Chincha Islands War
South America at War
South America 1866.0322
Chincha Islands War
Uruguayan War, Paraguayan War, and Chincha Islands War (22 March 1866)
Historical Map of South American nations
In 1864 Spain occupied Peru's Chincha Islands following a diplomatic dispute between the two countries. Spain's increased presence in the Pacific antagonized Chile, which declared war the following year, and an alliance of four South American nations soon formed against the Spanish. Unwilling to push things further, Spain withdrew from the region in May 1866.
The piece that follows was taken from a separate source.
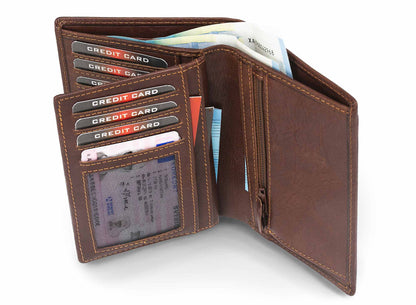 BaooBaoo Jeans Plånbok 13.5cm – Brandy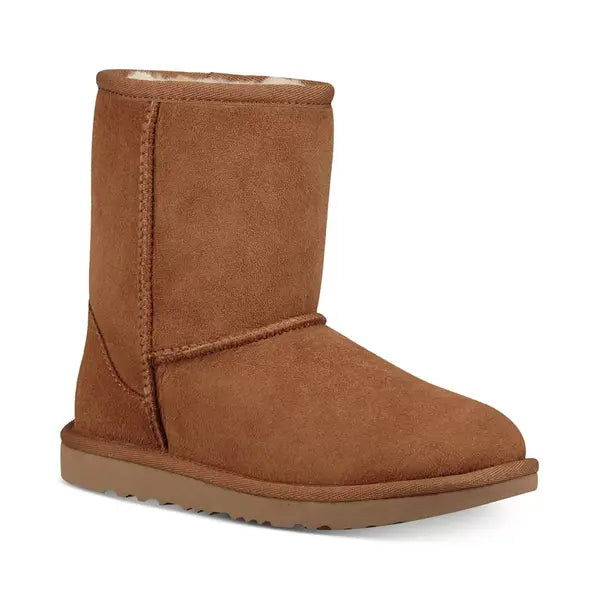 UGG® Little & Big Kids Classic Boots, Warm and Durable Footwear for Kids , Chestnut , Size US 6 youth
Patagonia was regarded as terra nullius by Britain and France until 1881 (and thus shown as a separate state in most maps of the period). Their main concern, shared with the United States, was to prevent any nation restricting navigation through the Straits of Magellan.
Battle of Yatay
A 10,700-strong Allied army under Uruguayan General Venancio Flores attacked a 3,200-man Paraguayan force under Colonel Pedro Duarte at the confluence of the Yatay River and Despedida Creek in northern Argentina. The recent flooding of the Yatay and Uruguay Rivers helped protect the defenders but also made retreat impossible, leading to a bloody battle in which half the Paraguayans were killed and half captured. Yatay was a decisive victory for the Allies, prompting Paraguay to abandon Corrientes (Argentina) and Uruguayana (Brazil).
Chincha Islands War begins
In the wake of the Spanish occupation of the Chincha Islands and the continued Spanish threat to Peru, President José Joaquín Pérez of Chile announced in 1865 that his country considered Spain a belligerent nation and would no longer grant it coaling rights. In response, the Spanish Vice Admiral José Manuel Pareja sailed into Valparaiso on 17 September 1865 - one day before Chilean National Day - and demanded that the Spanish flag be given a twenty-one gun salute. Chile refused, declaring war on Spain a week later.
Battle of Papudo
The Chilean corvette Esmeralda, under the command of Juan Williams Rebolledo, ambushed the Spanish schooner Virgen de Covadonga off the coast of the town of Papudo, Chile. After a short exchange of fire, in which the Spanish suffered 4 dead and 22 wounded to no Chilean losses, the Covadonga and its crew surrendered to the Chileans.
South American Alliance
In a rejection of what was seen as his continued appeasement of Spain in the wake of the Spanish occupation of the Chincha Islands, President Juan Antonio Pezet of Peru was overthrown in November 1865. The new Peruvian government immediately announced its solidarity with Chile against Spain, signing the Treaty of Defensive and Offensive Alliance between Peru and Chile on 5 December. Two days after ratifying the treaty on 12 January, Peru declared war on Spain.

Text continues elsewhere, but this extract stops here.